Но это — только начало многолетнего марафона самого дорогостоящего проекта в истории советской науки и оборонной промышленности (известно, что создание ракетной отрасли и космонавтики потребовало куда меньше капиталовложений). Для «укрощения атома» пришлось создавать новые отрасли, новые научные школы, ставить сотни небывалых опытов… На империю Курчатова заработали десятки засекреченных заводов.
Перед страной, погруженной в послевоенную разруху, стояла тяжелейшая задача — и многим пришлось пожертвовать.
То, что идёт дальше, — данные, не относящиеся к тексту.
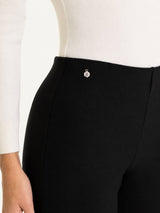 Pantalone a gamba dritta in Compact Neri Donna - Ragno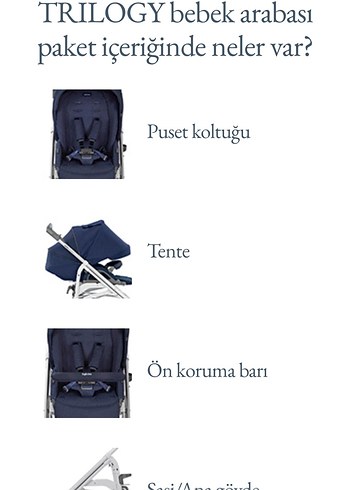 İnglesina Bebek Arabası Gri Detaylı - Görsel 7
За несколько лет в СССР не произвели ни одного термометра: на атомный проект ушла вся ртуть. Академик, конечно, знал об этом, и понимал, насколько высоки ставки. В такой ситуации подвести, не выполнить задания равнозначно гибели. Но империя Курчатова работала слаженно.
Первую советскую атомную бомбу назвали РДС-1, официально — «реактивный двигатель специальный». Но в народе популярнее оказались другие варианты — «Россия делает сама» и даже «Родина дарит Сталину». Уинстон Черчилль позже назвал советского атомного первенца не без иронии — «Джо-1». Именно так на западе называли Иосифа Сталина — «дядюшка Джо».
Испытание назначили на 29 августа 1949 года — гораздо раньше, чем предполагали американцы с их шпионажем. На исполинском полигоне под Семипалатинском, в Казахстане. В связи с перепадами погоды, а может быть, из соображений секретности Курчатов в последний вечер перенес взрыв на час — с 8:00 на 7:00 по местному времени. Пошёл обратный отсчёт времени — нервный для всех участников исторического эксперимента. Наконец, в 6: 35 специально подготовленный офицер нажал спусковую кнопку, которая привела систему в действие. Автоматическая система управления, вызывавшая особые волнения Курчатова, не подвела. Ровно в 7 часов состоялся взрыв невиданной силы, который все присутствовавшие запомнили на всю жизнь. Над полигоном поднялся атомный гриб, который можно было увидеть за десятки километров. Вышка, с которой запускали бомбу, превратилась в горстку мусора. Взрывная волна разбросала по степи подопытных животных и специально расставленную технику. Специально построенный городок, выполнявший роль жертвы бомбардировки, превратился в горстку пепла.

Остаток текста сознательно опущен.